Units include a variety of infantry, armor, and artillery used by each nations' armed forces in World War II. While the main focus of the game is in controlling tanks, artillery units provide long range fire while infantry units can be used to engage other infantry and garrison buildings for added defense. Damage is modeled on a health bar system, although vehicles have additional armor plating to weaken before taking damage. Players are also required to maintain their vehicles using ammo and repair trucks. In addition to regular units the player can control, the game provides players with indirect fire support. In missions, players can direct a limited number of precision dive bomber strikes, paratrooper drops, carpet bombing runs, reconnaissance planes and off-map artillery.

==Story==
Codename: Panzers focuses on three campaigns: German (led by Hans Von Gröbel), Soviet (led by Aleksander Efremovich Vladimirov), and Western Allied (led by Jeffrey S. "The Buck" Wilson and James "The Gent" Barnes). The German campaign begins with the Blitzkrieg of Poland, France and then the invasion of the USSR, with the final campaign mission at Stalingrad. The Soviet campaign begins with the turn at Stalingrad and ends with the Battle of Berlin and the capture of the Reichstag. The Western Allied campaign begins with Operation Overlord and the Normandy landings, and includes battles such as Operation Market Garden and the Battle of the Bulge. The game features realistic representations of tanks, artillery units, air forces, and infantry from Germany, the United States, the Soviet Union, Britain, France and Poland. It also features Yugoslav partisans fought in the German campaign when the player moves through a rebellious area of Nedić's Serbia.

==Reception==

The game received "favorable" reviews according to the review aggregation website Metacritic.

Aggregate scores
| Aggregator | Score |
|---|---|
| GameRankings | 81.65% |
| Metacritic | 81/100 |

Review scores
| Publication | Score |
|---|---|
| 1Up.com | B+ |
| Computer Games Magazine | 4.5/5 |
| Computer Gaming World | 3.5/5 |
| Game Informer | 7.75/10 |
| GameDaily | 4/5 |
| GameSpot | 8.8/10 |
| GameSpy | 4/5 |
| GameZone | 8.6/10 |
| IGN | 8.3/10 |
| PC Gamer (US) | 81% |
| The Sydney Morning Herald | 4/5 |

===Sales===
In the German market, CDV expected the game to succeed. The company planned an opening shipment of 90,000 units to retailers, and ran an advertising campaign on television with the stated goal of reaching "beyond the usual hardcore-gamer confines". The game debuted as the region's top-selling full-price computer game of June 2004, according to Media Control. It sold 66,000 units in the German market in just under two weeks, and 70,000 units after 15 days. CDV reported that the "start of sales could not have gone better". The game remained in first place on Media Control's charts for July, and claimed second place for August.
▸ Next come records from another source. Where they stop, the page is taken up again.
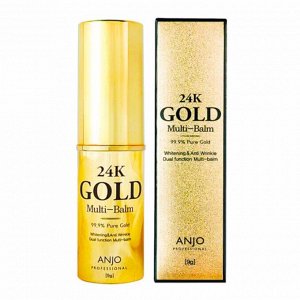 Отбеливающий мультибальзам против морщин (9гр) ANJO PROFESSIONAL 24K GOLD MULTI BALM 99% PURE GOLD WHITENING & ANTI WRINKLE (9gr)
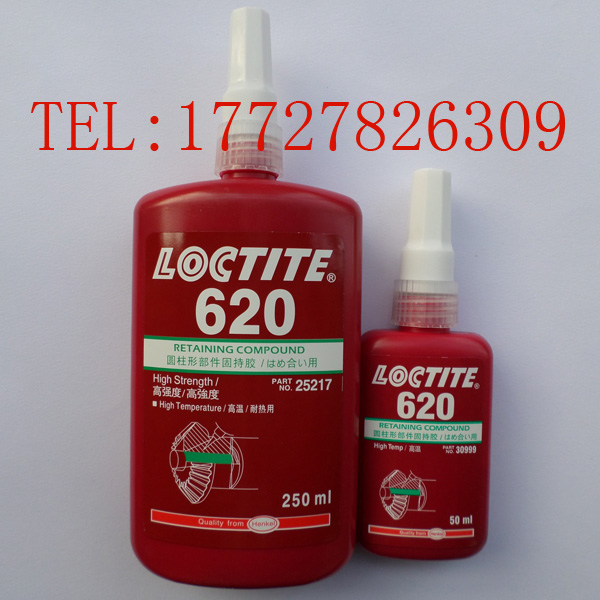 ��ɳ��̩620��ˮ������ ������̩�͸���Բ���ι̳��ܷ������� 
�ؼ���:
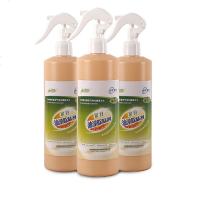 奥格蓝家具除味剂油漆去味剂装修苯甲醛清除剂衣柜清漆烤漆去味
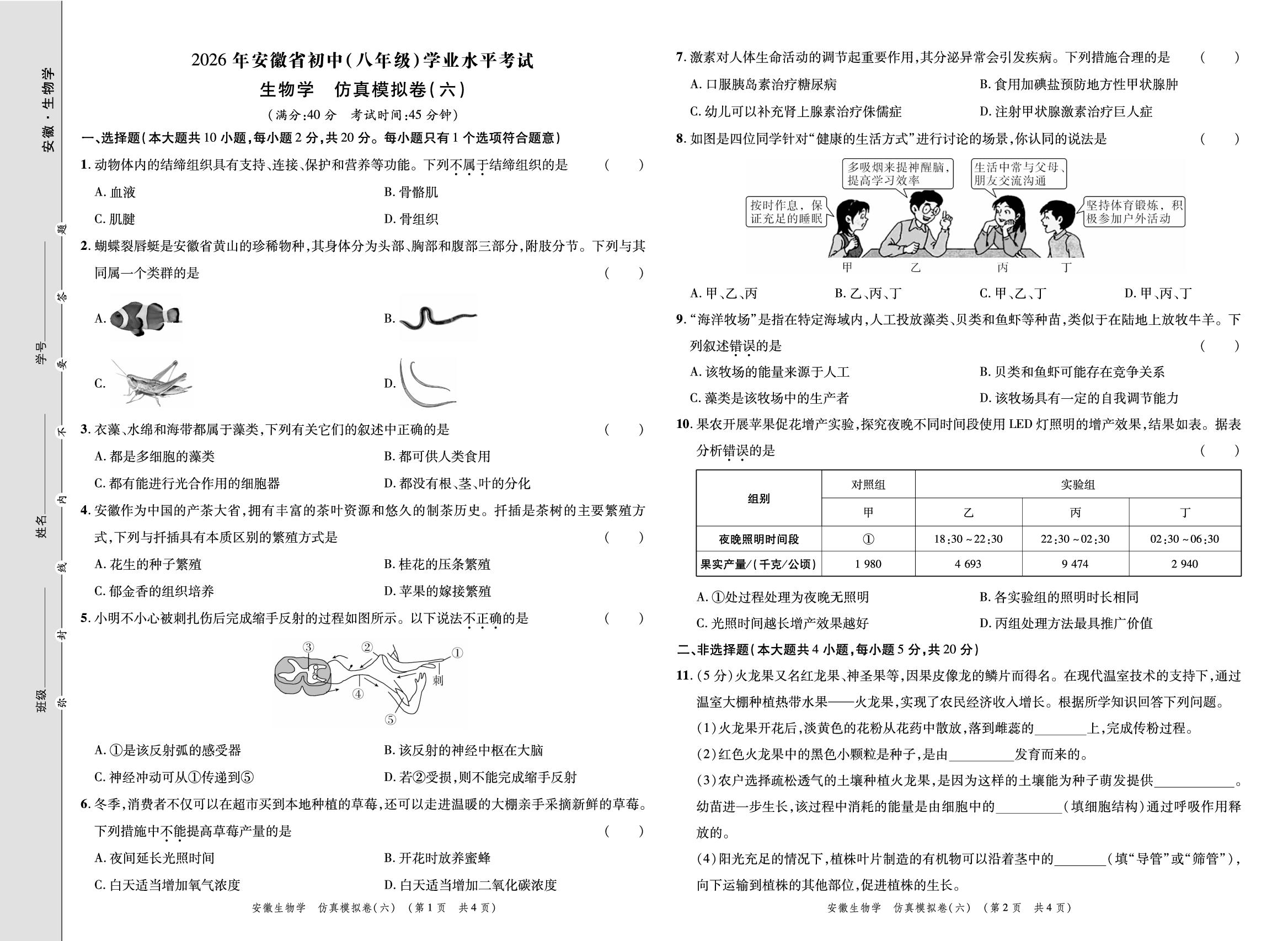 仿真模拟卷(六)-【练客中考】2026年安徽新中考生物仿真模拟卷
In September, the game received a "Gold" certification from the Verband der Unterhaltungssoftware Deutschland (VUD), indicating sales of at least 100,000 units across Germany, Austria and Switzerland. Ultimately, it was the German market's tenth-best-selling full-price computer game of 2004. By mid-2005, sales of the game in the region had topped 150,000 units.

CDV had begun to release the game across Europe by September 2004, following the game's early success in the German market. Initial sales in Poland and France were strong; it topped the charts in both countries. This led MCV GamesMarkt to declare the game an "international hit".

===Controversy===
Codename: Panzers was the center of a controversy in Poland after its release, as marketing materials were misunderstood as supporting the Gleiwitz incident false-flag version of events, which was shortly cleared up by the developers.